DATA TO USE Start Marker
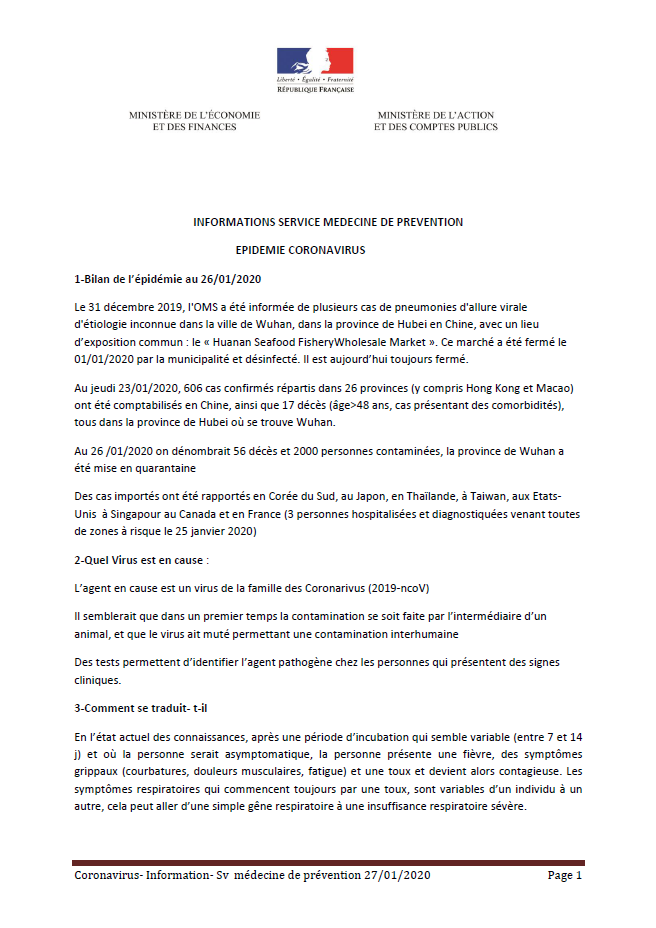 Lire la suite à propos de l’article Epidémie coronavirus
DATA TO USE End Marker
DATA TO USE Start Marker
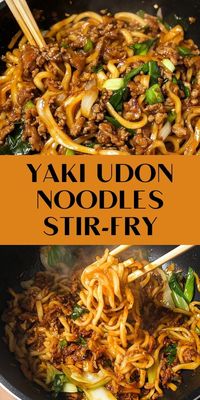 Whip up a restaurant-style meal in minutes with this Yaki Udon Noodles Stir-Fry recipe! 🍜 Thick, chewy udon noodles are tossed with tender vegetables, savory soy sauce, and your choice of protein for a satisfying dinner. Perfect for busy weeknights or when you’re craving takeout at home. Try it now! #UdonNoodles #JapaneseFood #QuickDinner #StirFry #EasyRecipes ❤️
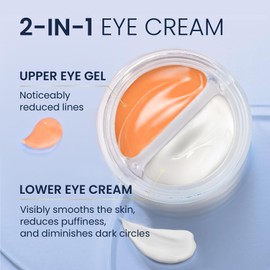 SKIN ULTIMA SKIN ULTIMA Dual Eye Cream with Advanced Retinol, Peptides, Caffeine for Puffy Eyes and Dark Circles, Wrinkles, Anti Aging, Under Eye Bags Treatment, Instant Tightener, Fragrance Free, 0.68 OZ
DATA TO USE End Marker
DATA TO USE Start Marker
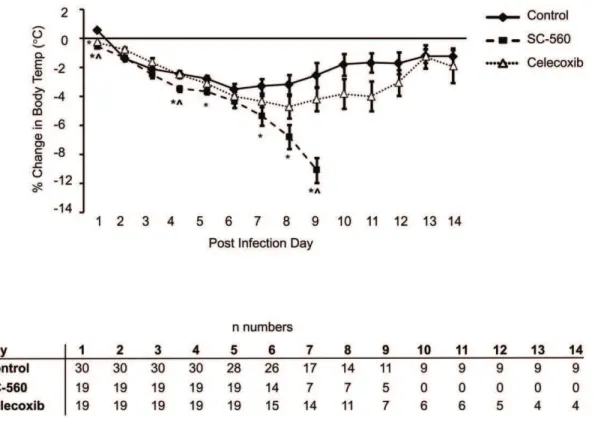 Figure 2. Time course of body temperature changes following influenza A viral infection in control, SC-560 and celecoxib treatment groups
DATA TO USE End Marker
Starting at the line above that holds "Whip up a restaurant-style", repeat every line exactly down to and including the line that holds "SKIN ULTIMA SKIN", then stop. Do not carry over any pictures.

 Whip up a restaurant-style meal in minutes with this Yaki Udon Noodles Stir-Fry recipe! 🍜 Thick, chewy udon noodles are tossed with tender vegetables, savory soy sauce, and your choice of protein for a satisfying dinner. Perfect for busy weeknights or when you’re craving takeout at home. Try it now! #UdonNoodles #JapaneseFood #QuickDinner #StirFry #EasyRecipes ❤️
 SKIN ULTIMA SKIN ULTIMA Dual Eye Cream with Advanced Retinol, Peptides, Caffeine for Puffy Eyes and Dark Circles, Wrinkles, Anti Aging, Under Eye Bags Treatment, Instant Tightener, Fragrance Free, 0.68 OZ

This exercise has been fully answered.